Prompt: Start with the line that holds "Rock Otter, stealth companion". Please copy it and each remaining line below exactly, leaving pictures out.

Material supplied:
+ + + + +

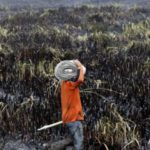indonesia deforestazione clima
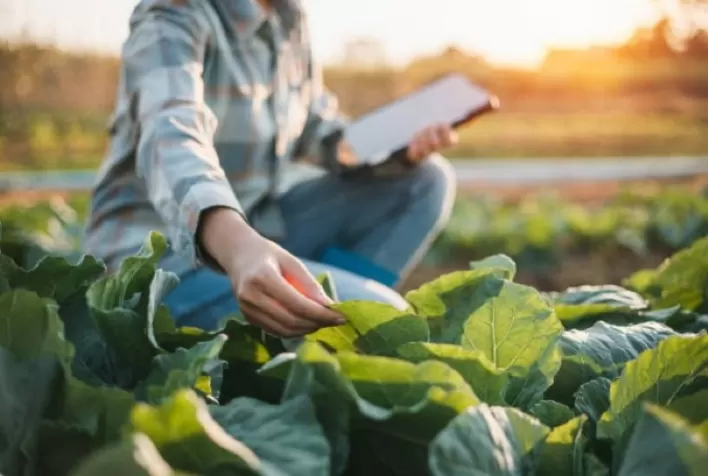 Mentoria Lucrando Alto Fora da Porteira ajuda produtores rurais a enfrentarem a volatilidade de preços das commodities agrícolas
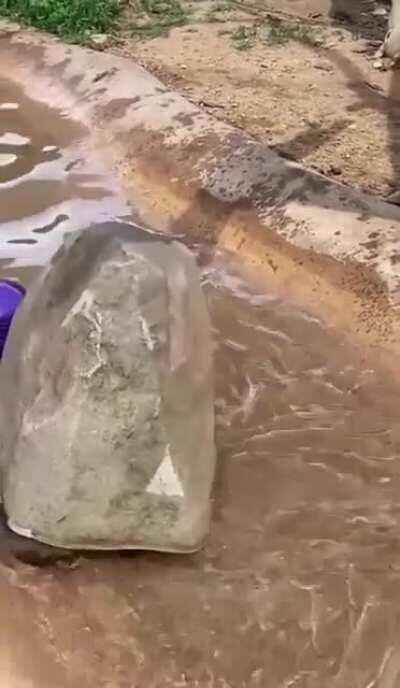 Rock Otter, stealth companion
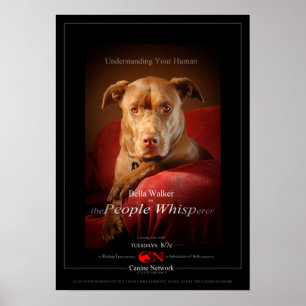 Chocolate Lab Pit Mix Dog Movie Poster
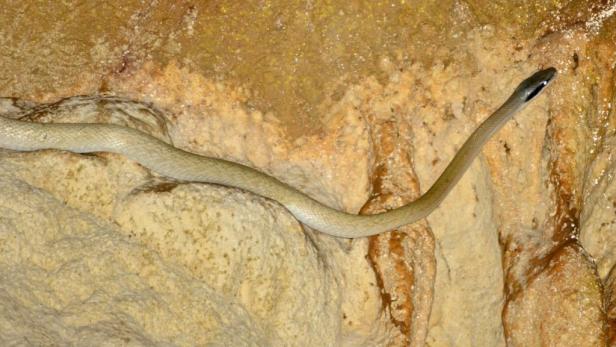 Eine Schlange kriecht über eine Felswand.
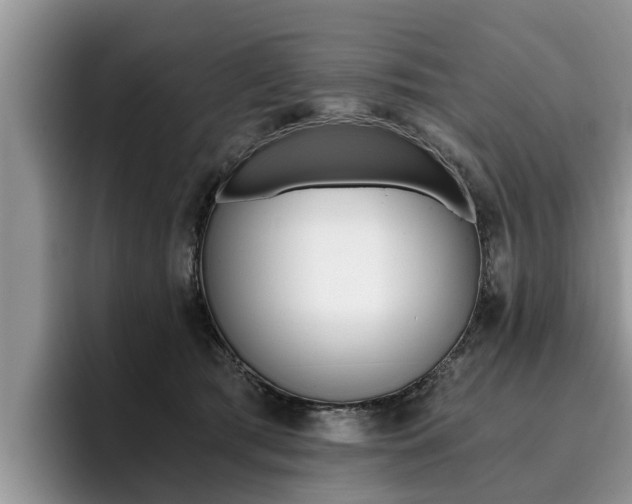 X0000096180417200801180854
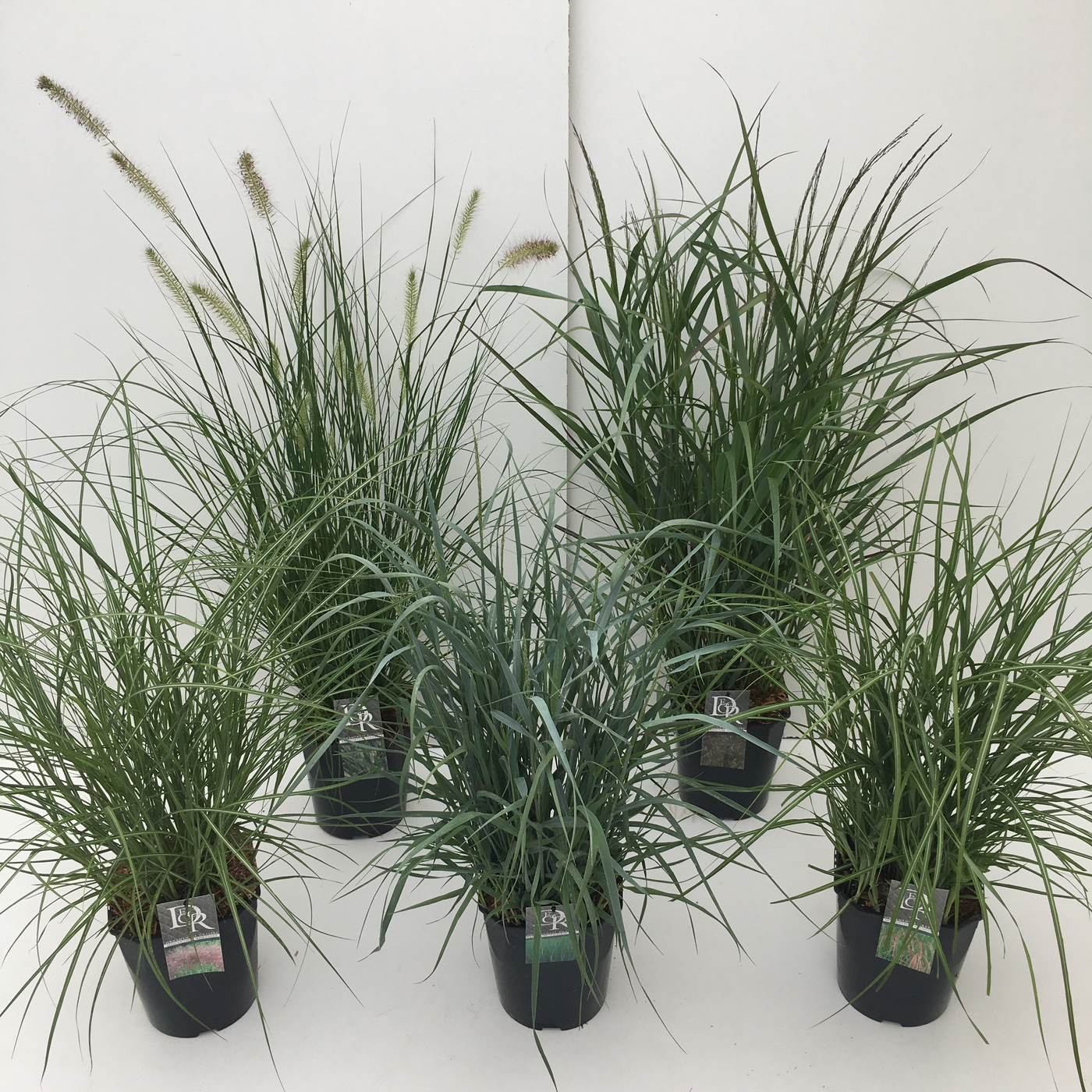 Planta naturala H40cm Carex mix PS23/ in pamant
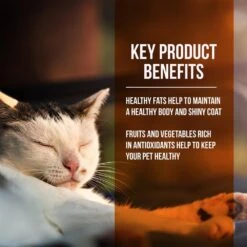 Fussie Cat Market Fresh Grain Free Guinea Fowl & Turkey Meal Recipe Dry Cat Food -Peticlean Shop 43124 1576260512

+ + + + +

Exercise result:
 Rock Otter, stealth companion
 Chocolate Lab Pit Mix Dog Movie Poster
 Eine Schlange kriecht über eine Felswand.
 X0000096180417200801180854
 Planta naturala H40cm Carex mix PS23/ in pamant
 Fussie Cat Market Fresh Grain Free Guinea Fowl & Turkey Meal Recipe Dry Cat Food -Peticlean Shop 43124 1576260512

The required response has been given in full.